WORK ORDER
Reprint the lines below as they are, minus the pictures.

INFORMATION SUPPLIED
- - - - -
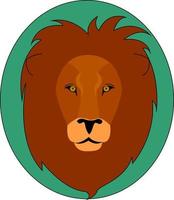 Head of a lion, illustration, vector on white background.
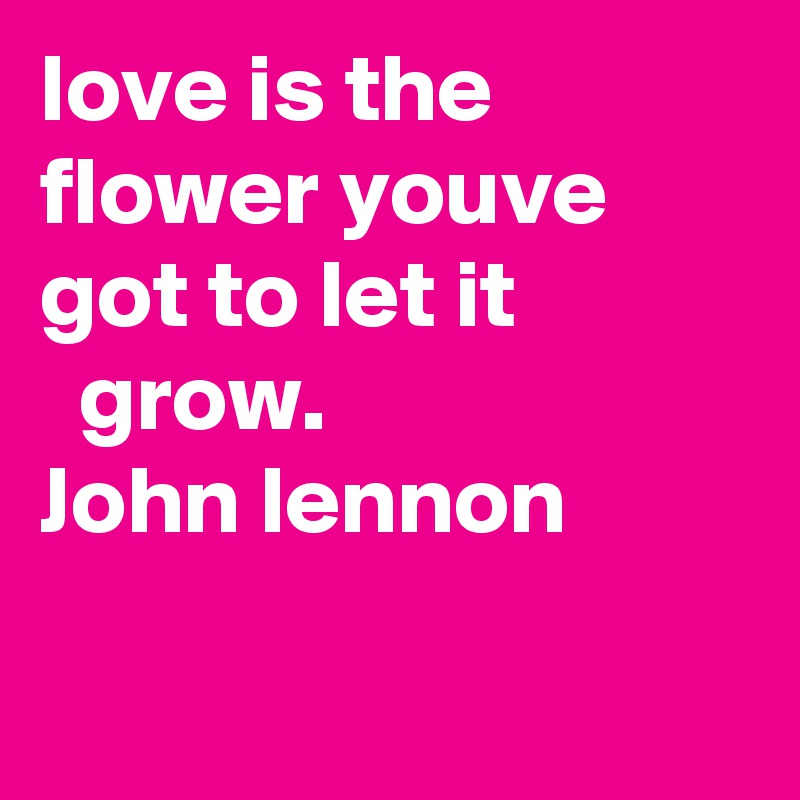 love is the flower youve got to let it              grow.
John lennon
- - - - -
RESULT FOR THIS EXERCISE
 Head of a lion, illustration, vector on white background.
 love is the flower youve got to let it              grow.
John lennon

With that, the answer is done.